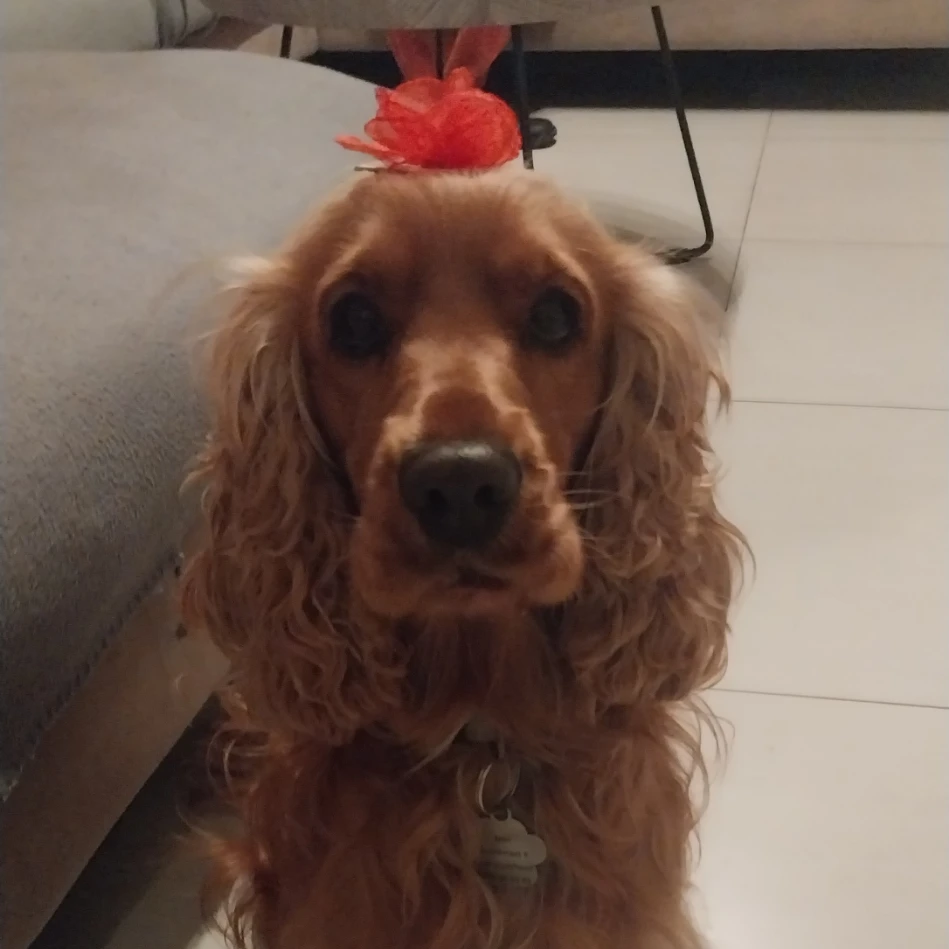 milo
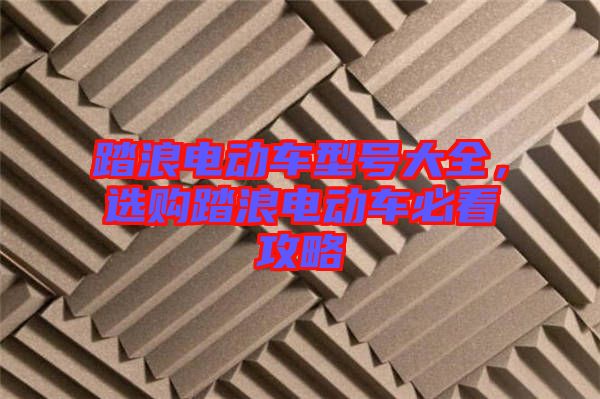 踏浪電動(dòng)車(chē)型號(hào)大全,選購(gòu)踏浪電動(dòng)車(chē)必看攻略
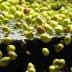 Green and black olives floating in a processing tank filled with water. - Olive Oil Times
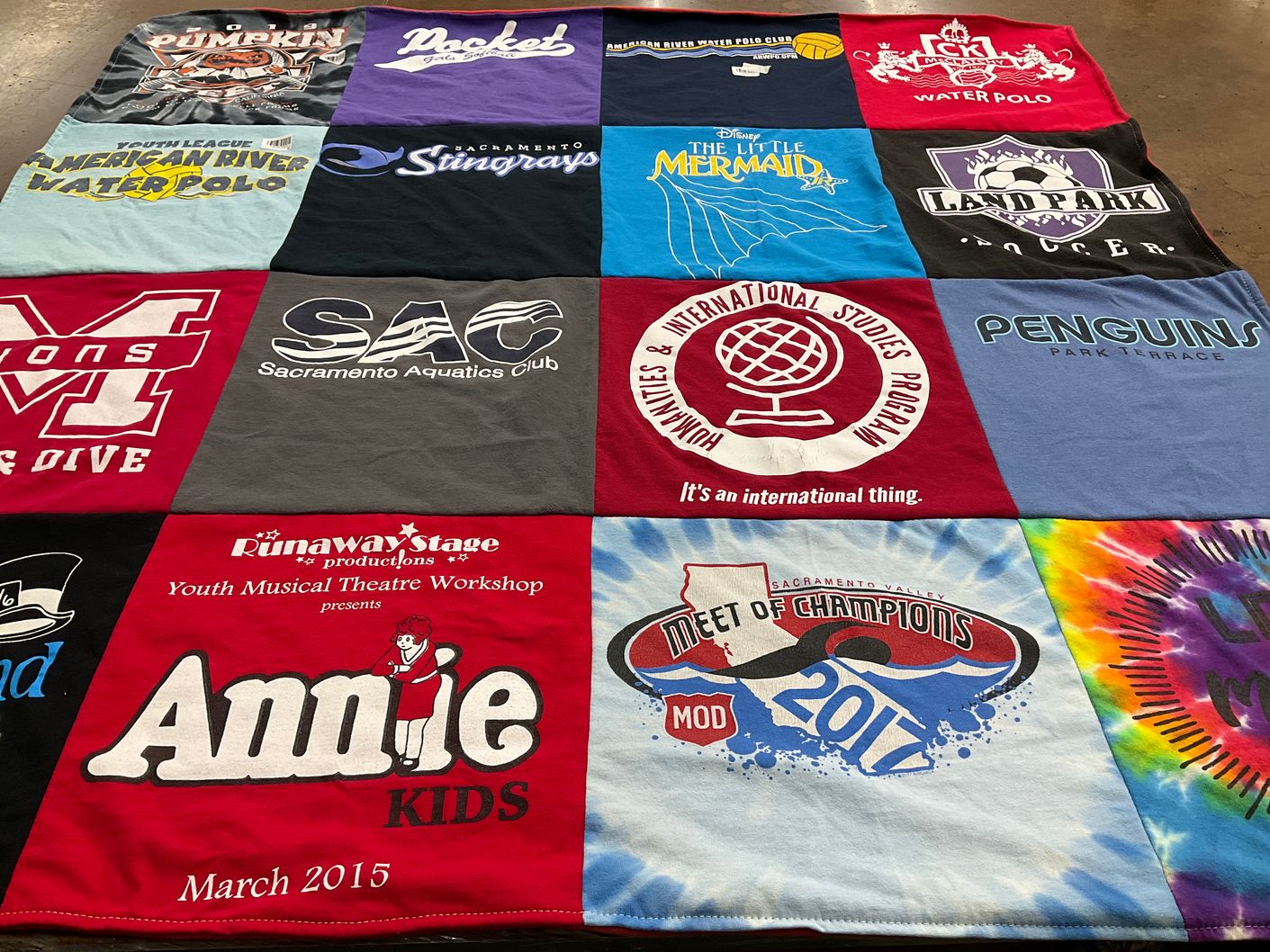 T-shirt quilt with water polo, diving themes by Nancy from CA
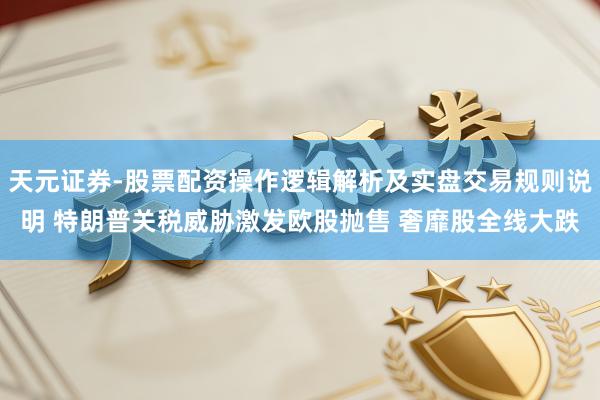天元证券-股票配资操作逻辑解析及实盘交易规则说明 特朗普关税威胁激发欧股抛售 奢靡股全线大跌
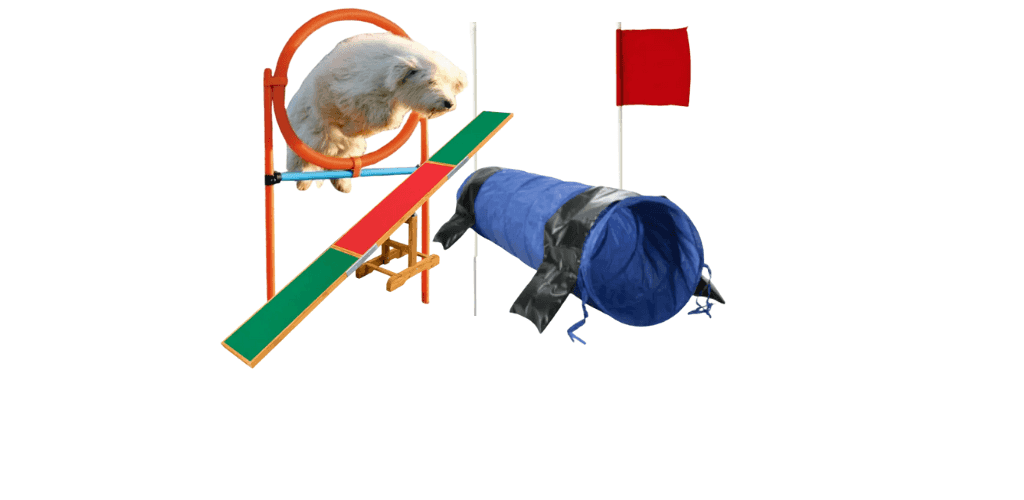 Obstacles de dressage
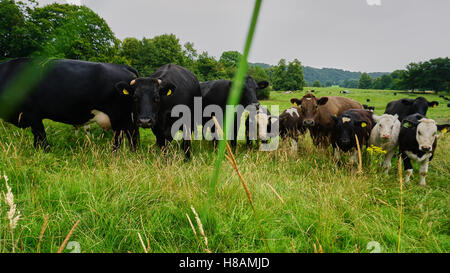 Tiere in der Wildnis Kühe und Igel im Wald landen Stockfoto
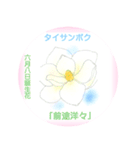 6月、誕生日の花 花言葉つき（個別スタンプ：8）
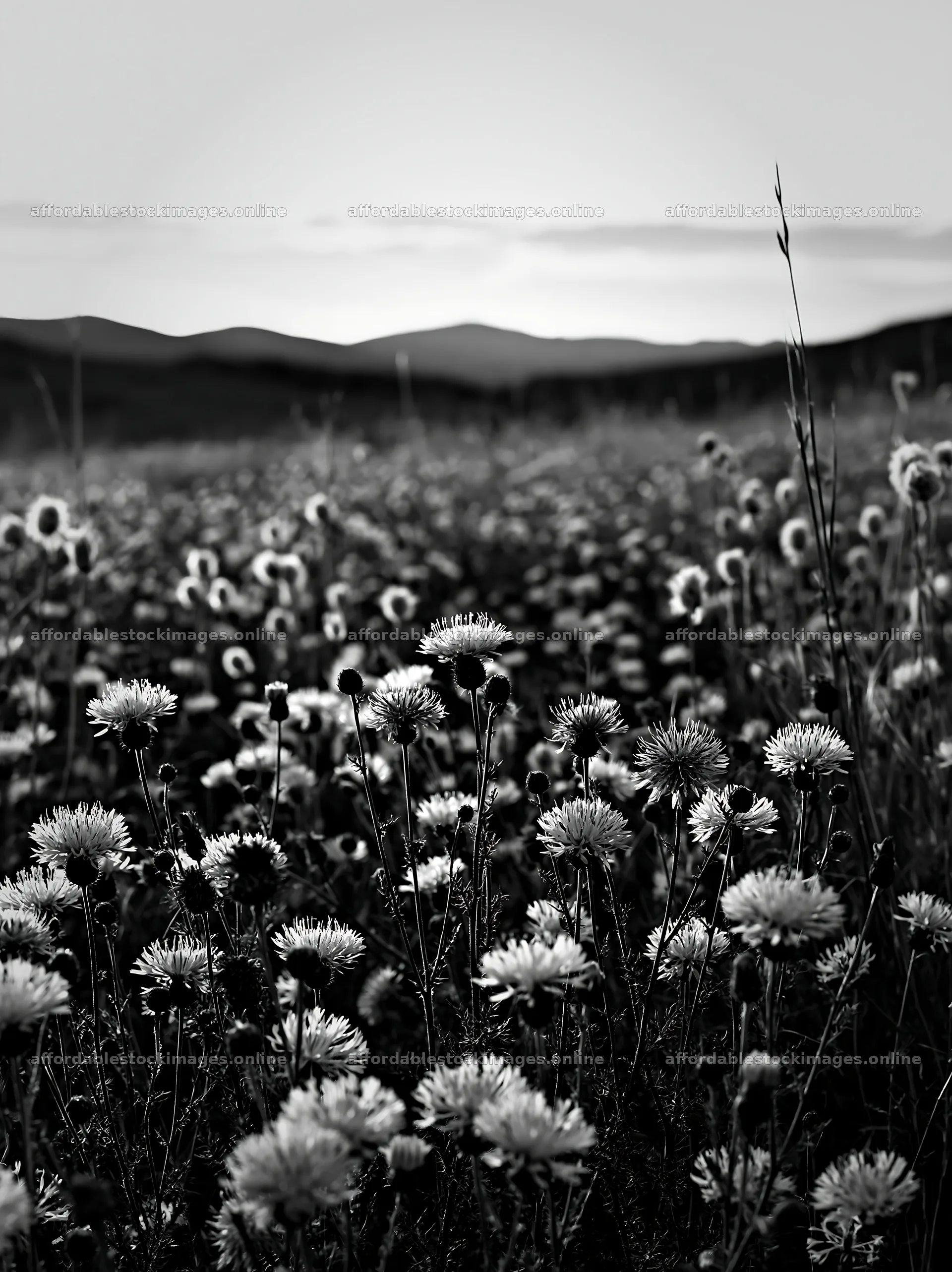Violet knapweed meadow at sunset in black and white – stock images 6866x9174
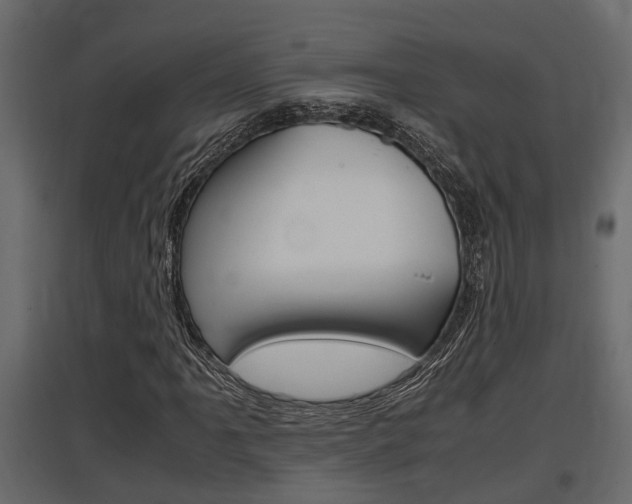 X0000097761061200803070831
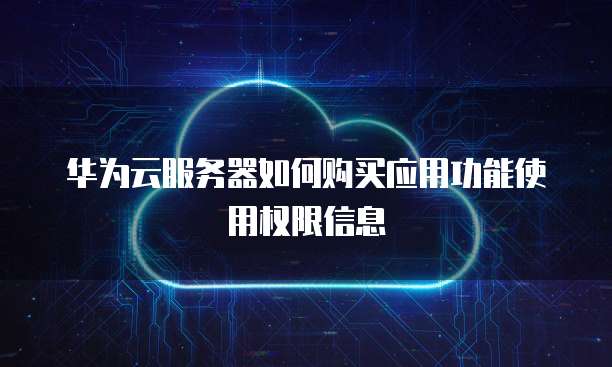 华为云服务器如何购买应用功能使用权限信息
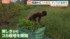 TBS NEWS DIG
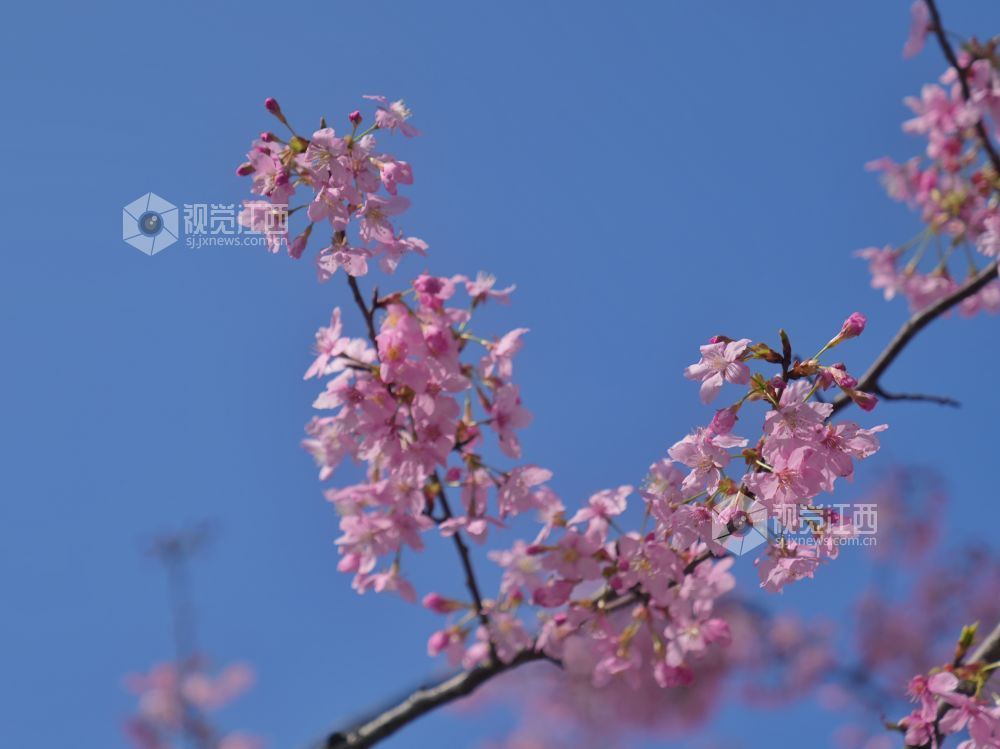 江西芦溪：樱花烂漫春光好（图）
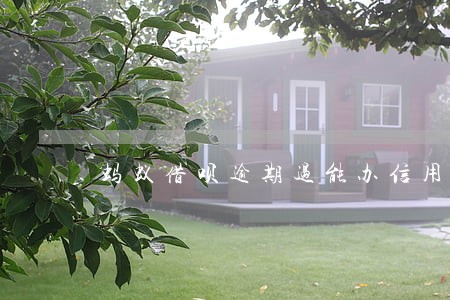 蚂蚁借呗逾期过能办信用卡 蚂蚁借呗逾期过能办信用卡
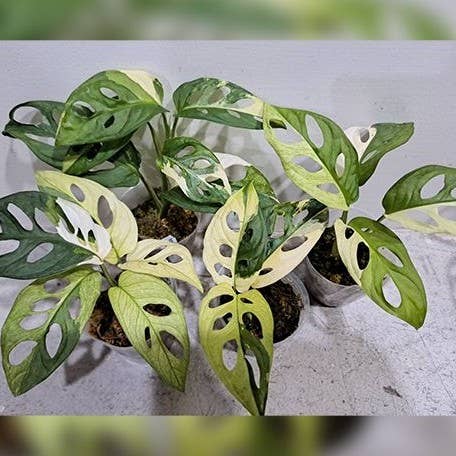 Monstera Adansonii Albo Variegated 2.5"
——
Could you write out exactly the lines from the line containing "蚂蚁借呗逾期过能办信用卡 蚂蚁借呗逾期过能办信用卡" to the end of the material, and nothing else? No pictures belong in the copy.

→ RESULT:
 蚂蚁借呗逾期过能办信用卡 蚂蚁借呗逾期过能办信用卡
 Monstera Adansonii Albo Variegated 2.5"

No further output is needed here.